At Harvard Business School's graduation ceremonies on Wednesday, May 27, the distinguished speaker was Scott Cook, the co-founder of Intuit, the $4.5-billion financial software company. Before Cook shared three of the lessons he's learned as an entrepreneur, two large screens flanking the stage continually flashed a single question: 

"What is one course lesson you will remember throughout your career?"

After the question flashed, the screens displayed handwritten answers from the HBS class of 2015. There were dozens of answers. Some were basic. Some were hackneyed. Some were profound. I wrote down as many as I could. Taken together, they paint a picture of the B-school takeaways that the HBS class of 2015 found to be most memorable.
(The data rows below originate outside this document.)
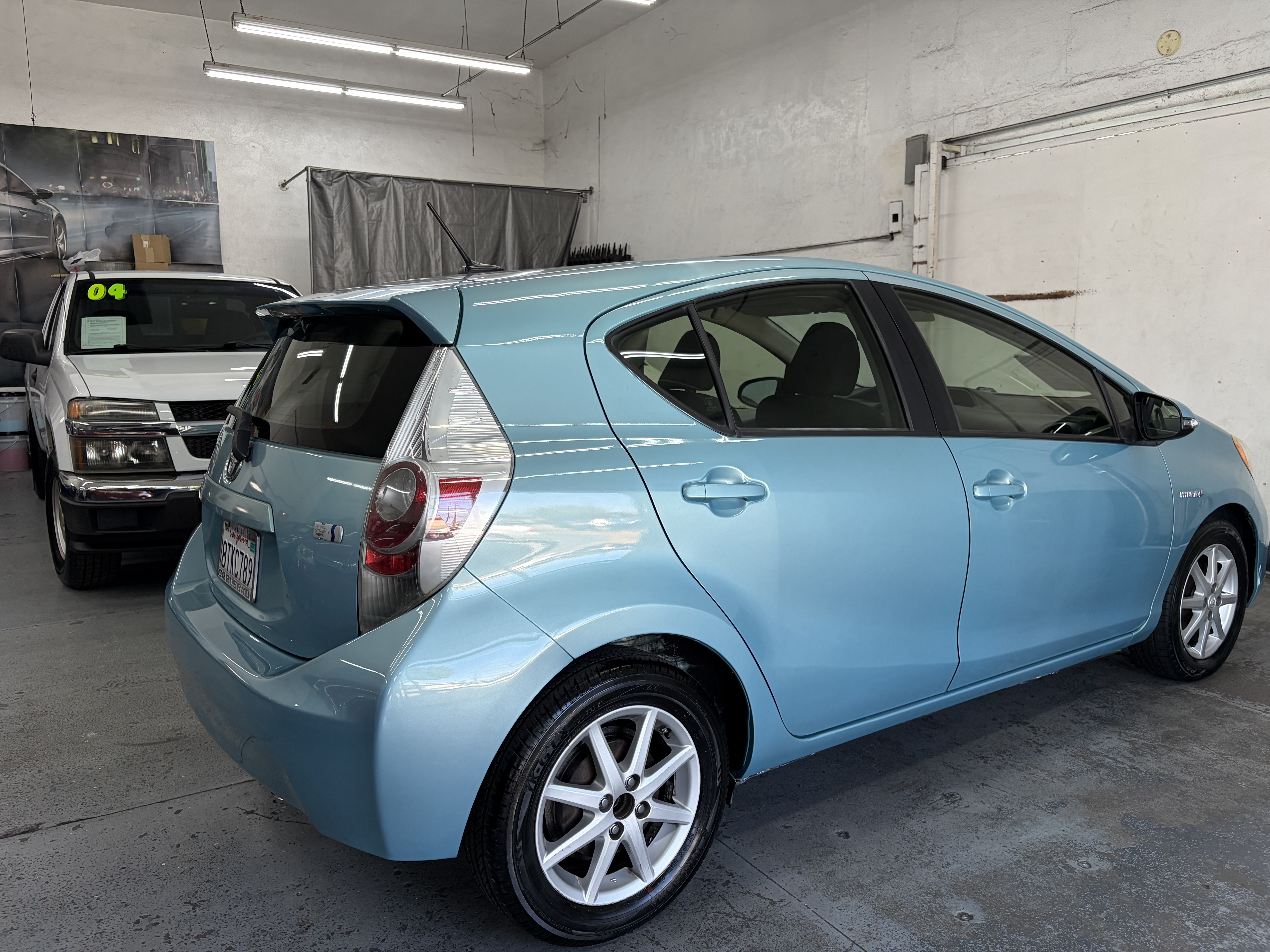 Used 2014 Toyota Prius C Three FWD image 7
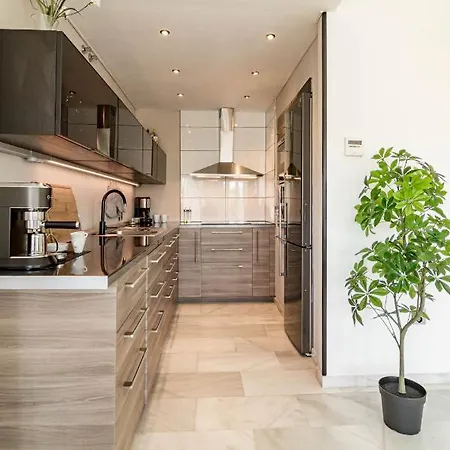 Fantastic Seaside Next To Puerto Banus And Walking Distance To The Apartment *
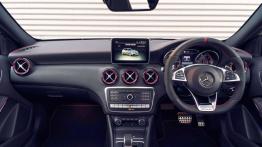 Mercedes A 45 AMG (2016) - kokpit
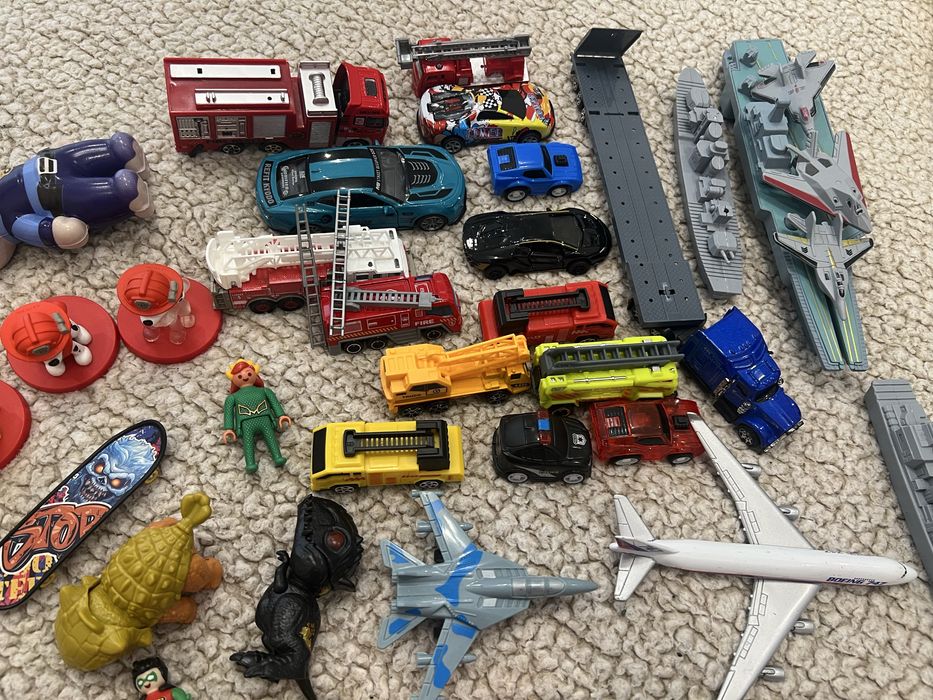 Игрушки для мальчика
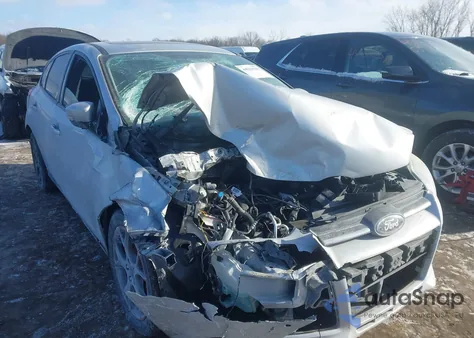 2014 Ford Focus Se z USA, uszkodzony, nr VIN 1FADP3K26EL354503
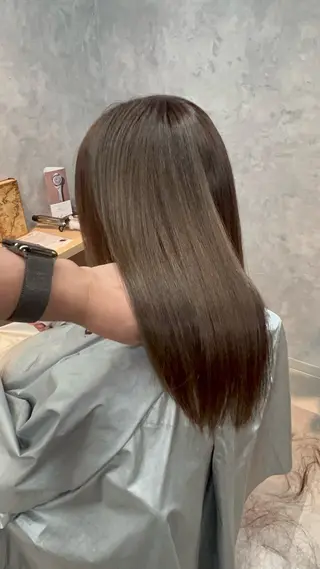 セミロング motoトップカラー リスト/ブリーチカラのヘアスタイル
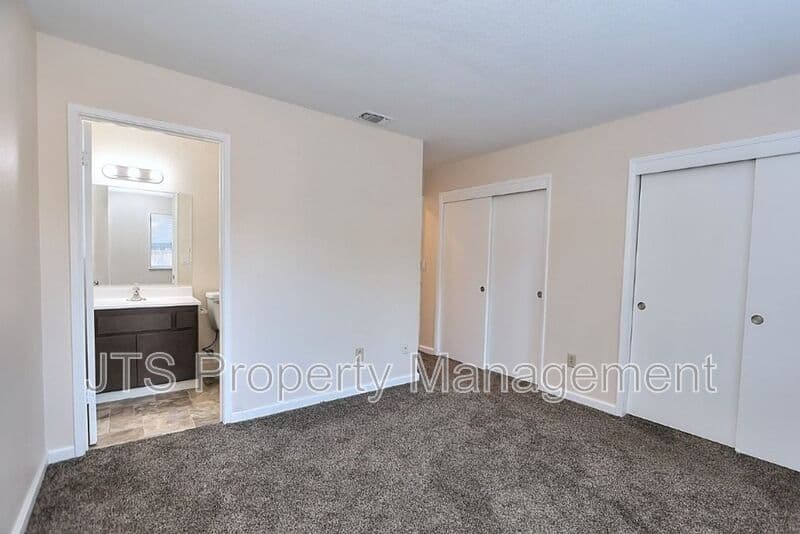 Citrus Heights Condo: 5512 Mike Arthur Ct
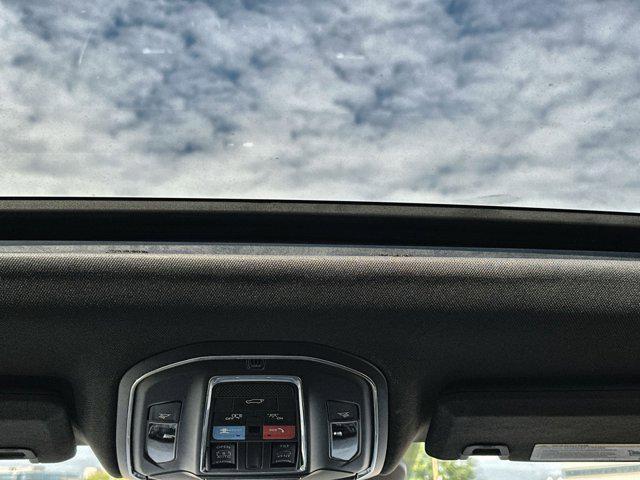 new 2025 Jeep Grand Cherokee car, priced at $35,257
They also form a thorough and useful list of reminders that can help you keep perspective about what really matters in your life and career, going forward. 

1. Listen.

2. Every short-term decision has long-term implications.
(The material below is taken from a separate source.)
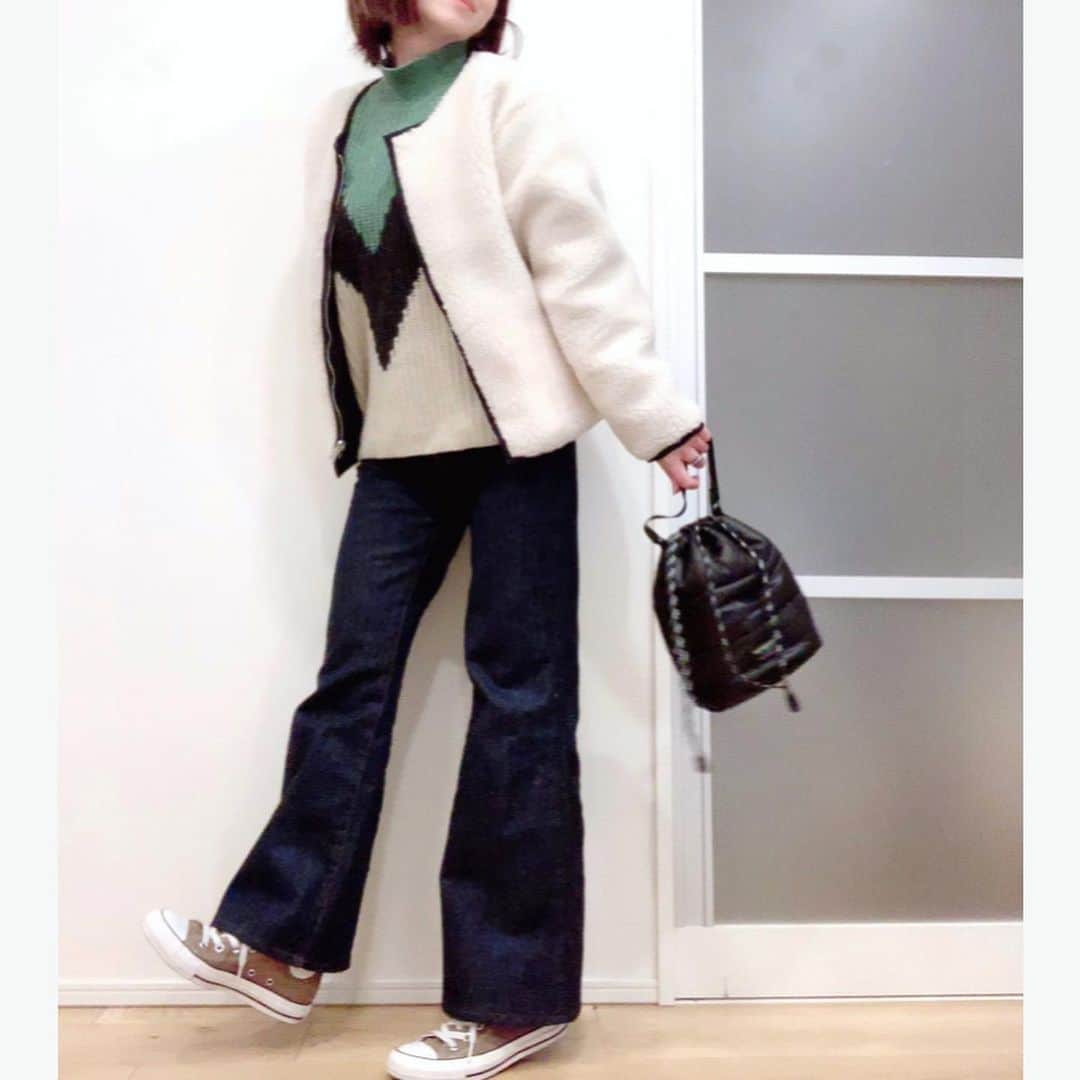 kkkkkaoriiiiiさんのインスタグラム写真 - (kkkkkaoriiiiiInstagram)「150cm前後の小柄さん向けブランド @ensmol.official のボアジャケットを着ました❣️ コンパクトながら、トレンドのぶかっと感は健在のシルエット◎ しかもリバーシブルで反対側はピーチスキン生地のブラック🖤 どちらも使える優秀アイテムです❣️ 低身長さんはぜひチェックしてみてください💓 . . 詳しくはブログに書いてます📝 @kkkkkaoriiiii  プロフィールから飛べます✈️ ♡153cmちびっこアラサーOL♡KaoriのHappyRoom♡ . #ensmol  #プチプラコーデ  #プチプラファッション  #ちびっこol  #おちびコーデ  #おちびの輪  #オトナ女子  #153cm  #153cmコーデ  #低身長コーデ  #f_blogger #ootd  #outfitoftheday  #outfit  #thenorthface  #uniqlo  #uniqloコーデ  #uniqloginza  #uniqlolifewear  #dholic  #r_fashion #converse」2月22日 16時18分 - kkkkkaoriiiii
3. Assume every email is a public document.

4. Don't run out of cash. 

5. It's not about who is right; it's about what is right. 

6. Think deeply about how you can empower those around you to be successful. 

7. Just be a decent human being. Oh, and listen more than you talk.

8. For a signal to really count, it must be costly.

9. Ask questions to learn different perspectives--inquiry vs. advocacy. 

10. Pursue your passions, not a paycheck. 

11. Even actions that are lawful can be awful. 

12. Government debt is not the same as corporate debt.

13. Let myself be vulnerable. 

14. Success at work can never compensate for failure at home. 

15. Don't worry alone; build a support team. 

16. Identify your sources of happiness and protect them. 

17. Kaizen (a.k.a. the practice of continuous improvement). 

18. The only sign of life is growth. 

19. Culture eats strategy for lunch; be safe, be sure.

20. The job is not as important as the rest of my life. 

21. It's never too late to turn back, change directions, or start anew.